Первой и последней книгой В. Г. Зебальда, вышедшей пока по-русски, стал "Аустерлиц" — его последний большой прозаический текст. Их и было-то всего четыре — "Schwindel. Gefuhle" ("Головокружение. Чувство"), "Die Ausgewanderten" ("Изгнанники"), "Die Ringe des Saturn" ("Кольца Сатурна") и "Austerlitz" — и два, "Гоовокружение" и "Кольца Сатурна", имеют минимальное отношение к его устоявшейся репутации тематического автора, пишущего о Холокосте. "Аустерлиц" же — самый известный и в наибольшей степени похожий на конвенциональный роман или то, что принято им считать. Все, что следует ниже, своего рода попытка поговорить о Зебальде так, словно он уже переведен, опубликован, прочтен, словно его работа уже стала частью нашей кровеносной системы (как ей следовало бы) — и можно смотреть на нее не из окна экскурсионного автобуса, а широкими глазами общности.

1.

Зебальд называл свои книги documentary fiction: странный жанровый гибрид, зависающий, как огромный дирижабль, в пограничной зоне между было и не было, где читательская чувствительность сознает себя особенно уязвимой. Большая (большая) часть полемики вокруг его книг разворачивается в этой зоне. Неясный, мерцающий статус зебальдовского нарратива как бы провоцирует читателя произвести над текстом операцию, называемую наводкой на резкость, уточнить события, подтянуть к лицу трудноразличимые детали. Их базовая, неучтивая неучтимость, их легкая выворачиваемость наизнанку — возможно, главное качество зебальдовской прозы, где главные вещи всегда зашиты глубоко в текст (и готовы взорваться, как мины — или быть найденными, как детские тайники). Подлинный характер текста остается открытым. О чем, собственно говоря, идет речь? Что именно подвергается чтению: выдуманная история, снабженная (для убедительности или выразительности) реальными фактами и деталями? Или мы наблюдаем за оживанием документа, настоящего прошедшего, которое автор раскрашивает, как черно-белую фотографию, усилием воображения? Бывшее и небывшее постоянно вылезают за собственные края — как это бывает при печати, когда краска заезжает за контур изображения. Тревожный фокус зебальдовской прозы — ее двойная экспозиция: глубокая убедительность/убежденность, свойственная точному знанию,— и при этом странная призрачность любой подробности, каждого эпизода, словно они растворятся в воздухе, если их потрогать. Эта "аура сияния и дрожи, делающая их очертания неразличимыми", как говорит Зебальд о некоторых фразах Роберта Вальзера, окружает корпус его собственных текстов чем-то вроде облака. Так Зевс окутал Ио темным облаком, чтобы войти к ней незамеченным.
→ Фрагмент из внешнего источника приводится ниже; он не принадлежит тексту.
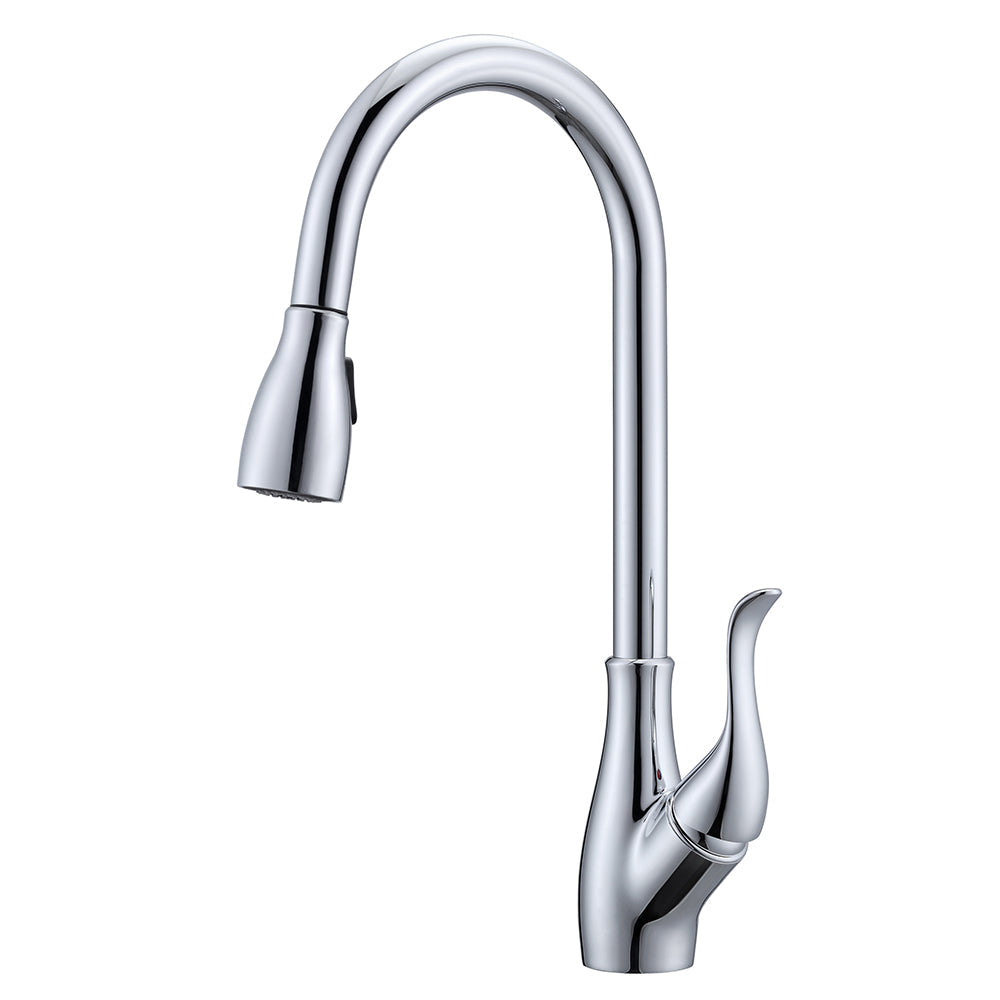 Casoria Single Handle Kitchen Faucet with Pull-Down Spray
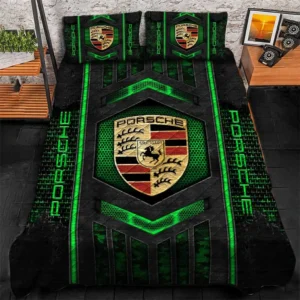 Porsche Bedding Set, Gift For Porsche Lovers, Gift For Him, Husband, Boyfriend CAR1790317055 - Green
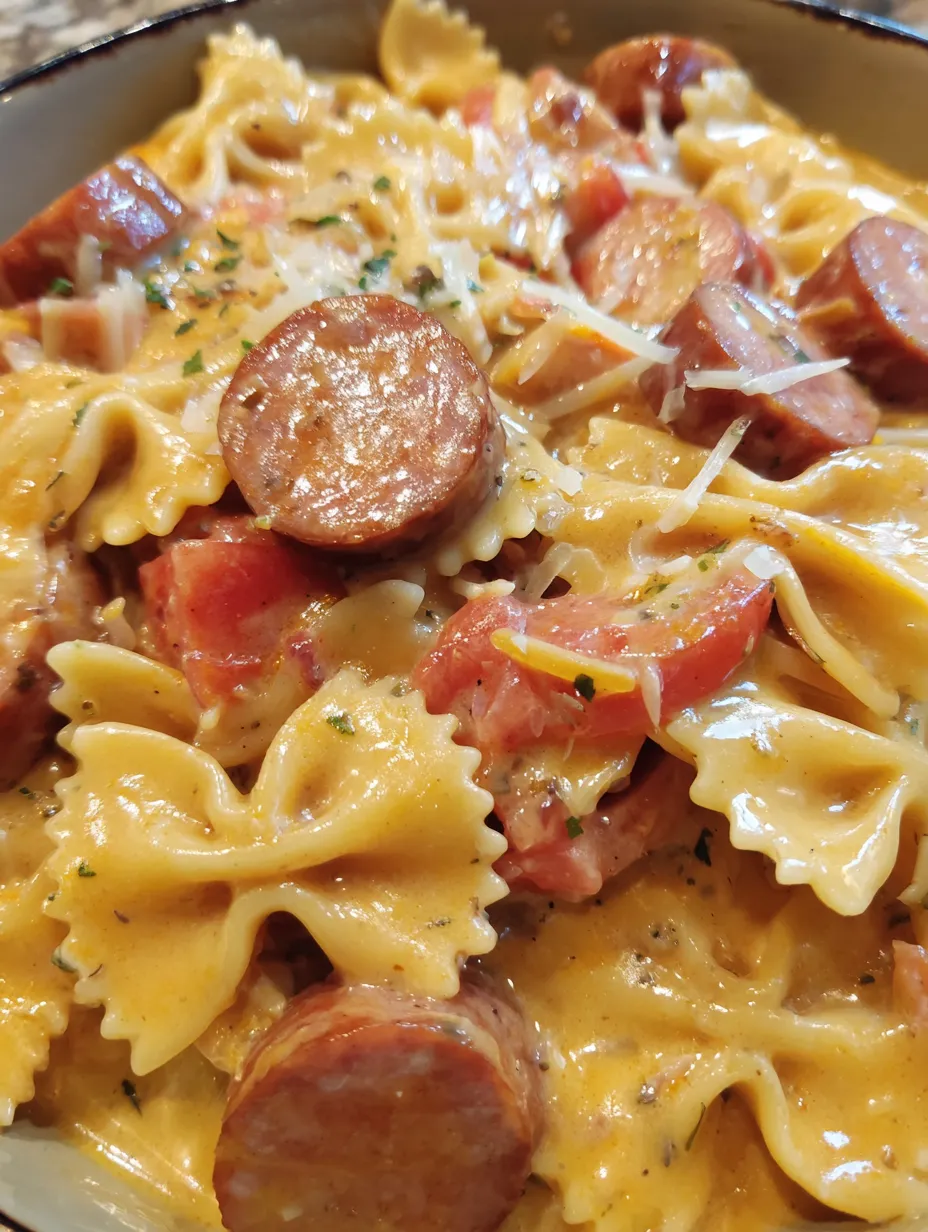 One Pot Smoked Sausage Pasta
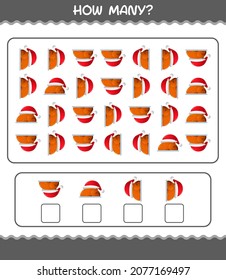How many cartoon turkey. Counting game. Educational game for pre shool years kids and toddlers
"Аустерлиц". Единственная книга Зебальда, вышедшая по-русски

Проза, развоплощающаяся по ходу прочтения (снова Зебальд о Вальзере), держит читателя в неуверенности: мы никогда не знаем, dichtung или wahrheit в конечном счете то, что рассказано и проиллюстрировано очередной невыразительной фотографией (на которой сарай, вывеска или часы-луковка). Единственное, чему тут можно довериться,— голос, говорящий с нами; он оказывается чем-то вроде перил, на которые можно опереться. Происходящее напоминает старинные рассказы о масонских ритуалах: завязанные глаза, коридоры и переходы, сделанные вслепую; нежданные вспышки света, слепота и ясность.

Отчетливо видны в этих солнечных пятнах только изображения, неизменный компонент зебальдовского текста, что-то вроде подписи или печати, по которой следует опознавать руку мастера. Характера они самого разного, но больше всего фотографий, старых, архивных. Некоторые сильно и грубо увеличены, так что зерно лезет наружу, и почти все как-то маловыразительны и выражают по большей части совершенную растерянность всех участников съемки: люди со стертыми чертами остаются где-то у кромки изображения, огромный фон теснит их все дальше, и все лица кажутся скорее типическими, чем собственными, причем усы, воротники и пуговицы говорят громче, чем им позволено. Есть и новые, "современные" фотографии, успевшие состариться, но такие же неготовые к сотрудничеству — любительские снимки фасадов и интерьеров, архитектурных объектов и ресторанных вывесок, все черно-белые и выглядящие так, словно их наскоро сняли на телефон. Что еще? Рецепт домашнего шнапса, записанный дедом Зебальда на странице календаря. Ксерокопии визитных карточек, туристических проспектов, железнодорожных и садово-парковых билетов, видовых открыток и географических карт. Еще больше пейзажей, гор, лесных дорог и холмов, снятых нетвердой рукой, с многочисленными размытостями. Некоторое количество картин и гравюр, помещенных в текст так же — в режиме беглого цитирования, черно-белой плоской скороговоркой.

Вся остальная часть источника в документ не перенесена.